_ACTIVITY_.
Can you quote, word for word, every line from the first line of the records below through the line containing "WoodSpring Suites Ankeny Des Moines photo 7", and nothing else?

_AVAILABLE DATA_.
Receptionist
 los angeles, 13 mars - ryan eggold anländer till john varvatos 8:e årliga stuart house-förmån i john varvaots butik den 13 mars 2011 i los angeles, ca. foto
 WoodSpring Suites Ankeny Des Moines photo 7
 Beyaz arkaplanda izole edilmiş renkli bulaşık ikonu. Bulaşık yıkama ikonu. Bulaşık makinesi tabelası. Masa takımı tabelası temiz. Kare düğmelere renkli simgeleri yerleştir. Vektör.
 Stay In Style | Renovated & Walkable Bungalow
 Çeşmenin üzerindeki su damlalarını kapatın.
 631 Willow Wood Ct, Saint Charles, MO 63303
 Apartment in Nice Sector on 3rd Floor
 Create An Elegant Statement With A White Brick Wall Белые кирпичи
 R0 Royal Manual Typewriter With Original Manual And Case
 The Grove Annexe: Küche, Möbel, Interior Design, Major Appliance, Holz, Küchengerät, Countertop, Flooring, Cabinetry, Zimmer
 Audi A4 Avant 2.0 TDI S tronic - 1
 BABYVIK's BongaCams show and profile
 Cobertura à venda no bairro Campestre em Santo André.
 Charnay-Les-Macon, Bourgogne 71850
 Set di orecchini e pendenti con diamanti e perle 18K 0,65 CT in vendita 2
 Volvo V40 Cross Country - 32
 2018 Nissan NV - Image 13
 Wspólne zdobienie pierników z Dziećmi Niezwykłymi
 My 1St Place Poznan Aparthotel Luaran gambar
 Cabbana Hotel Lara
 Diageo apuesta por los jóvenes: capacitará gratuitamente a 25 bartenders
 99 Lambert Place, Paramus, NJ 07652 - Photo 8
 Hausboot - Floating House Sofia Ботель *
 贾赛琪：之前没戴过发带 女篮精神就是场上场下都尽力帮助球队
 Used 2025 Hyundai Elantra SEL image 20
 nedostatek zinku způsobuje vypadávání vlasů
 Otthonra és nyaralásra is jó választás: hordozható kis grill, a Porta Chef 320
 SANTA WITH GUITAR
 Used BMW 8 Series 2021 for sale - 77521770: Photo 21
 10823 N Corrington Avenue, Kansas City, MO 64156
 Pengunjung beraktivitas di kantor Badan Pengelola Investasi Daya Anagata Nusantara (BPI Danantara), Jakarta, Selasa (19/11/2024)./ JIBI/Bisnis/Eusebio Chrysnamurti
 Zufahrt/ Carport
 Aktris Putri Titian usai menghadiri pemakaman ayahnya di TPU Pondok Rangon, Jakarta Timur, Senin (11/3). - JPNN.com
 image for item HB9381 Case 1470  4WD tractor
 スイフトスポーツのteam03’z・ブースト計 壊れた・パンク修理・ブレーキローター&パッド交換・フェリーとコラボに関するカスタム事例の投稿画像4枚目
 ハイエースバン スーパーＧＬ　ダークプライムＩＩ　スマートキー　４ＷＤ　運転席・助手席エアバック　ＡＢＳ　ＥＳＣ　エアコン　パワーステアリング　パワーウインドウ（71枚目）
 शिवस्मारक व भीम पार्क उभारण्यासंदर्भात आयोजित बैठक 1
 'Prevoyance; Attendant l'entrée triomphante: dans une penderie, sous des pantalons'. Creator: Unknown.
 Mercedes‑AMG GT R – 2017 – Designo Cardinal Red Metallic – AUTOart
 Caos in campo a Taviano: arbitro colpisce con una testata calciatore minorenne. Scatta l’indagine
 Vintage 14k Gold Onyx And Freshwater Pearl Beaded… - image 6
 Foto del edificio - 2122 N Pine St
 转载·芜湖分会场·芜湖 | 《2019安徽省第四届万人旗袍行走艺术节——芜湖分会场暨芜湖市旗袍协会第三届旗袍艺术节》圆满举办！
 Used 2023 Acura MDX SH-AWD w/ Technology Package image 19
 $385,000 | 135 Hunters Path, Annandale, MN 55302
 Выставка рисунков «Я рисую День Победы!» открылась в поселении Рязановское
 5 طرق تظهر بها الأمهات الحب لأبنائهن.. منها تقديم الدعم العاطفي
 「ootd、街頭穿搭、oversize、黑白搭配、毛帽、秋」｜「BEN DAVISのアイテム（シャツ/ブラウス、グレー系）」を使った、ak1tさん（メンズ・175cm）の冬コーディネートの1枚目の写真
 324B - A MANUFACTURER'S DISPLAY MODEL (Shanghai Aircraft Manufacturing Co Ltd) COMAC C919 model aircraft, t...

_COMPLETED EXERCISE_.
Receptionist
 los angeles, 13 mars - ryan eggold anländer till john varvatos 8:e årliga stuart house-förmån i john varvaots butik den 13 mars 2011 i los angeles, ca. foto
 WoodSpring Suites Ankeny Des Moines photo 7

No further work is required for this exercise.